→ **What is being asked**:
Your answer should consist of every line in the records that holds "Arte".

Saved entries:
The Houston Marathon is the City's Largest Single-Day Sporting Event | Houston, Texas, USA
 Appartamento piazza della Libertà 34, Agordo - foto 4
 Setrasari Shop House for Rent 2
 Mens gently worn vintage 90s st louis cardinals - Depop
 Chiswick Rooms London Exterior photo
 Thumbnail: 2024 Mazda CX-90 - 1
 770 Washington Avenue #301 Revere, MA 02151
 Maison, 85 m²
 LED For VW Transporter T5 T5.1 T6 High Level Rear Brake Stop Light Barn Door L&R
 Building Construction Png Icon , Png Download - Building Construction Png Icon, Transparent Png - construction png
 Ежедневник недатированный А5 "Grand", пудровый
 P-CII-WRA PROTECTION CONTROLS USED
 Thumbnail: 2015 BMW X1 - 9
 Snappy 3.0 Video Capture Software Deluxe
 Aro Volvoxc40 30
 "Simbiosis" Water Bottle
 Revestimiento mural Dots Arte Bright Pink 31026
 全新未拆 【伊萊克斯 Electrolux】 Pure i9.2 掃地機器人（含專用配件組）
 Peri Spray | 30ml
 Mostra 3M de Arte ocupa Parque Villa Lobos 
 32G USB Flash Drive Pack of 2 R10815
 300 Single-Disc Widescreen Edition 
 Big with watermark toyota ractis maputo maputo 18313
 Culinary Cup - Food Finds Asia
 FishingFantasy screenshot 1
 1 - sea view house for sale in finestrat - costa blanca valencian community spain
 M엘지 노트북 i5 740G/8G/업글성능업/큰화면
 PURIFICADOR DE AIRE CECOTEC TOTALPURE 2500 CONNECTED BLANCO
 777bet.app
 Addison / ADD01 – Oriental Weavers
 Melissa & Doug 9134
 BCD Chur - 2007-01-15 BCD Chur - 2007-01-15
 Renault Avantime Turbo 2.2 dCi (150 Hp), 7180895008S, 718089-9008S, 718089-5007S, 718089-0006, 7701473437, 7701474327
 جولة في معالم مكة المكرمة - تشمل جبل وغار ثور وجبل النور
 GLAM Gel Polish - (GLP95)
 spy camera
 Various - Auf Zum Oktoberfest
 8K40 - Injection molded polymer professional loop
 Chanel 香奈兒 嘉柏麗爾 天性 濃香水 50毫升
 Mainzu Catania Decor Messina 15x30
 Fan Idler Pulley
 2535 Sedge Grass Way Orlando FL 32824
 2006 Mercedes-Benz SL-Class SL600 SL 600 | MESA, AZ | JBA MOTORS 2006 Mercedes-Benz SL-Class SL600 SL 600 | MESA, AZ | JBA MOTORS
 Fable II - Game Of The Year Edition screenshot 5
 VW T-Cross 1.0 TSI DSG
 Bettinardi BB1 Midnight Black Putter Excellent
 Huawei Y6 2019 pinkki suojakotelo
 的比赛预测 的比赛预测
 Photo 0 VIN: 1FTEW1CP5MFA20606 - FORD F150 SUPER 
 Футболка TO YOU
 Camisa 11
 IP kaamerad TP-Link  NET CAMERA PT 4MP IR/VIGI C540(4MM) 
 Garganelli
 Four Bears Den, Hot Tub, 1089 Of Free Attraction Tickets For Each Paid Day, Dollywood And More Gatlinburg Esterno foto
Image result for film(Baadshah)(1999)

→ **Output of the task**:
 Revestimiento mural Dots Arte Bright Pink 31026
 Mostra 3M de Arte ocupa Parque Villa Lobos 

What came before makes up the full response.